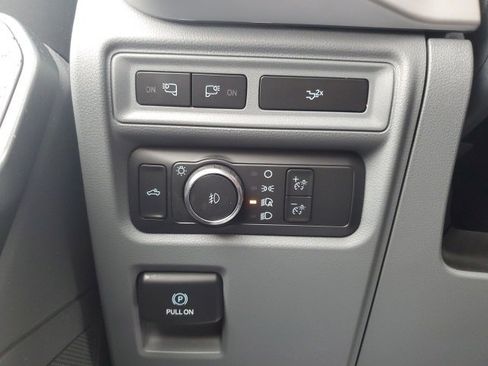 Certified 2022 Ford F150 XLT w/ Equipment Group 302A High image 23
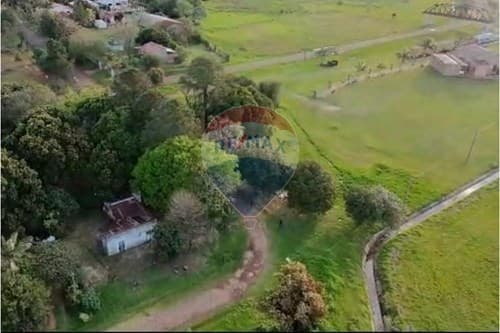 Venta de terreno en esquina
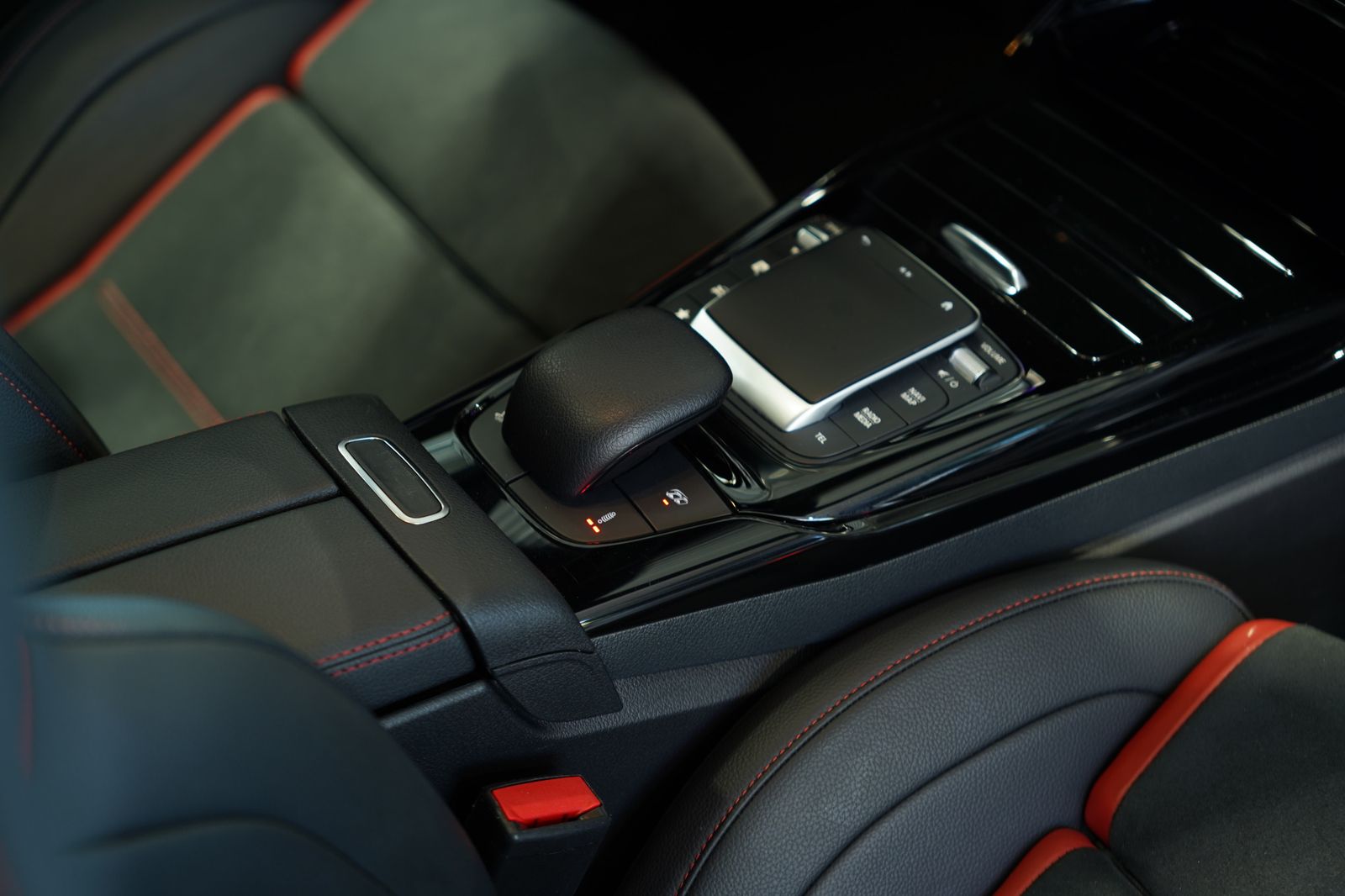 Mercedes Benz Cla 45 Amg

━━━━━━━━━━━━━━━━

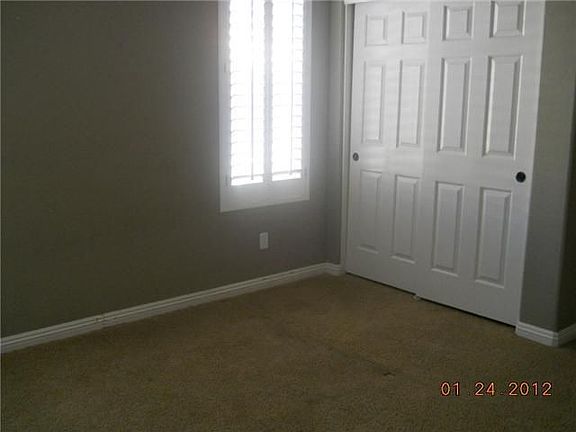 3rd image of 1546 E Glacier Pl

━━━━━━━━━━━━━━━━

* _Work item_
Your answer must be the exact lines from the records above, from the one containing "Certified 2022 Ford" through the one containing "Mercedes Benz Cla 45 Amg", both included, with every picture left out.

* _Written answer_
 Certified 2022 Ford F150 XLT w/ Equipment Group 302A High image 23
 Venta de terreno en esquina
 Mercedes Benz Cla 45 Amg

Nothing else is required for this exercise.